These technological developments will have grave effects on family cohesion and functioning.

The family is the mainspring of support of every kind. It mobilizes psychological resources and alleviates emotional burdens. It allows for the sharing of tasks, provides material goods together with cognitive training. It is the prime socialization agent and encourages the absorption of information, most of it useful and adaptive.

This division of labour between parents and children is vital both to development and to proper adaptation. The child must feel, in a functional family, that s/he can share his experiences without being defensive and that the feedback that s/he is likely to receive will be open and unbiased. The only "bias" acceptable (because it is consistent with constant outside feedback) is the set of beliefs, values and goals that is internalized via imitation and unconscious identification.

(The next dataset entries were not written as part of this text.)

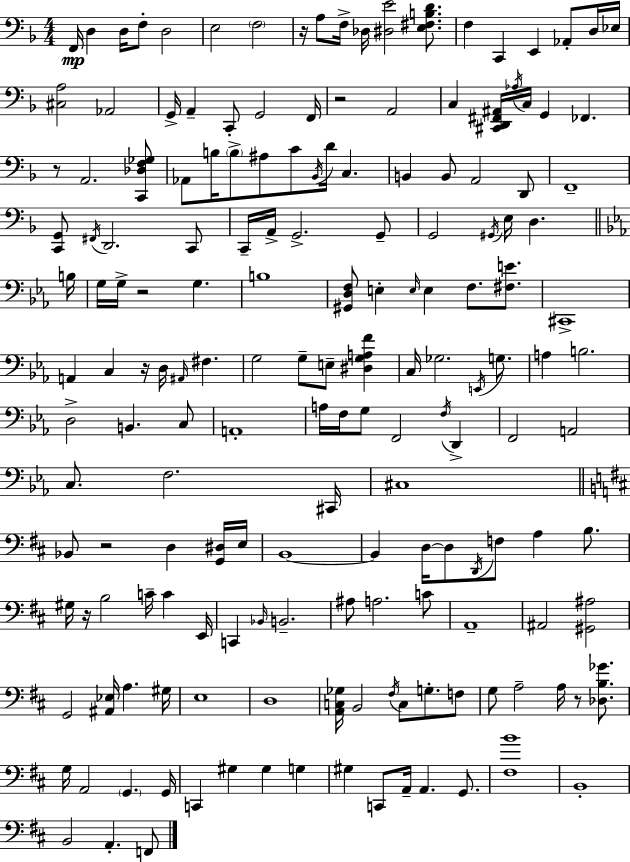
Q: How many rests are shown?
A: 8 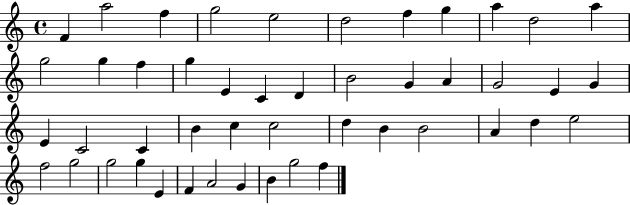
F4/q A5/h F5/q G5/h E5/h D5/h F5/q G5/q A5/q D5/h A5/q G5/h G5/q F5/q G5/q E4/q C4/q D4/q B4/h G4/q A4/q G4/h E4/q G4/q E4/q C4/h C4/q B4/q C5/q C5/h D5/q B4/q B4/h A4/q D5/q E5/h F5/h G5/h G5/h G5/q E4/q F4/q A4/h G4/q B4/q G5/h F5/q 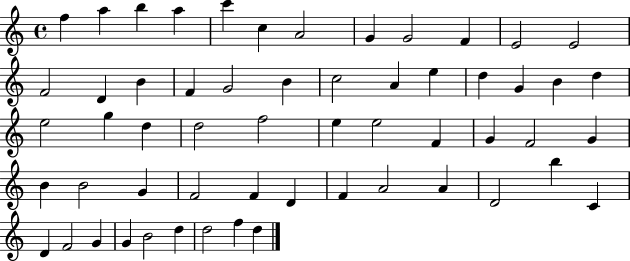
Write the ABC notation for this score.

X:1
T:Untitled
M:4/4
L:1/4
K:C
f a b a c' c A2 G G2 F E2 E2 F2 D B F G2 B c2 A e d G B d e2 g d d2 f2 e e2 F G F2 G B B2 G F2 F D F A2 A D2 b C D F2 G G B2 d d2 f d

So, the family is the first and the most important source of identity and of emotional support. It is a greenhouse wherein a child feels loved, accepted and secure - the prerequisites for the development of personal resources. On the material level, the family should provide the basic necessities (and, preferably, beyond), physical care and protection and refuge and shelter during crises.

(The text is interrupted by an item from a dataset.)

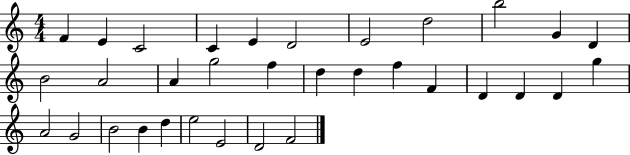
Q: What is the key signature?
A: C major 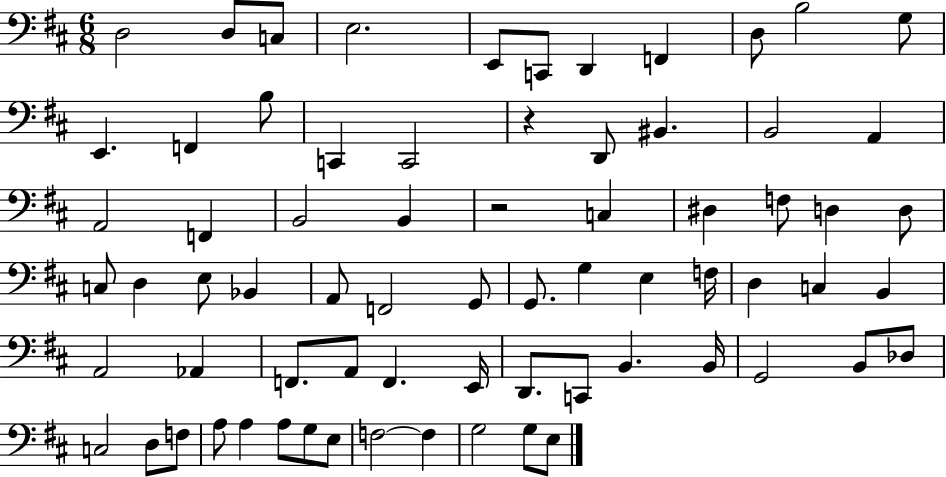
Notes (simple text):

Elsewhere, we have discussed the role of the mother (The Primary Object). The father's part is mostly neglected, even in professional literature. However, recent research demonstrates his importance to the orderly and healthy development of the child.

He participates in the day to day care, is an intellectual catalyst, who encourages the child to develop his interests and to satisfy his curiosity through the manipulation of various instruments and games. He is a source of authority and discipline, a boundary setter, enforcing and encouraging positive behaviors and eliminating negative ones. He also provides emotional support and economic security, thus stabilizing the family unit. Finally, he is the prime source of masculine orientation and identification to the male child - and gives warmth and love as a male to his daughter, without exceeding the socially permissible limits.

These traditional roles of the family are being eroded from both the inside and the outside. The proper functioning of the classical family was determined, to a large extent, by the geographical proximity of its members. They all huddled together in the "family unit" - an identifiable volume of physical space, distinct and different to other units. The daily friction and interaction between the members of the family molded them, influenced their patterns of behavior and their reactive patterns and determined how successful their adaptation to life would be.

With the introduction of modern, fast transportation and telecommunications, it was no longer possible to confine the members of the family to the household, to the village, or even to the neighborhood. The industrial revolution splintered the classical family and scattered its members.

Still, the result was not the disappearance of the family but the formation of nuclear families: leaner and meaner units of production. The extended family of yore (three or four generations) merely spread its wings over a greater physical distance - but in principle, remained almost intact.

Grandma and grandpa would live in one city with a few of the younger or less successful aunts and uncles. Their other daughters or sons would be married and moved to live either in another part of the same city, or in another geographical location (even in another continent). But contact was maintained by more or less frequent visits, reunions and meetings on opportune or critical occasions.

This was true well into the 1950s.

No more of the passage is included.